Keinesfalls. Von der Methode profitieren können nämlich auch Menschen, die krankhaft Sachen horten: die Messies. Davon ist der Schweizer Fachpsychologe für Psychotherapie, Heinz Lippuner, überzeugt, der sich seit 20 Jahren mit Betroffenen beschäftigt. Denn: «Studien haben gezeigt, dass Messies dazu tendieren, falsche Kategorien für ihre Besitztümer zu bilden», sagt Lippuner zum Online-Magazin «Higgs».
Bei Kleidern spiele es für Messies etwa keine Rolle, ob sie noch getragen werden, sondern von wem man sie bekommen hat. «So wird alles zum Erinnerungsstück, von dem man sich nicht trennen kann», sagt Lippuner. «Wenn es einem Coach gelingt, bei der Kategorienbildung ein Umdenken zu bewirken, kann das durchaus zum Erfolg führen.»

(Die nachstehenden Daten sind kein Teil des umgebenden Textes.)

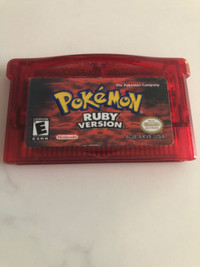 Pokemon Ruby Nintendo Gameboy Advance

Menschen mit dem Messie-Syndrom sammeln zwanghaft Unmengen von für andere wertlosen Gegenständen und können sich sehr schlecht von ihnen trennen. Im Extremfall sind die Wohnungen damit zugemüllt und kaum mehr begehbar.
Wer viel behalten will, soll viel behalten
Wenn es ums Entrümpeln geht, hilft Karine Paulon aus Thalwil im Kanton Zürich, die Vollzeit als Aufräumcoach tätig ist. Sie hat vor eineinhalb Jahren als Erste im deutschsprachigen Raum das «KonMari»-Zertifikat erworben. «Ich bin etwas zwischen Putzfrau und Psychologin», sagt sie und lacht. Ein Zusammenhang zwischen Seelenleben und Ordnung könne nicht von der Hand gewiesen werden.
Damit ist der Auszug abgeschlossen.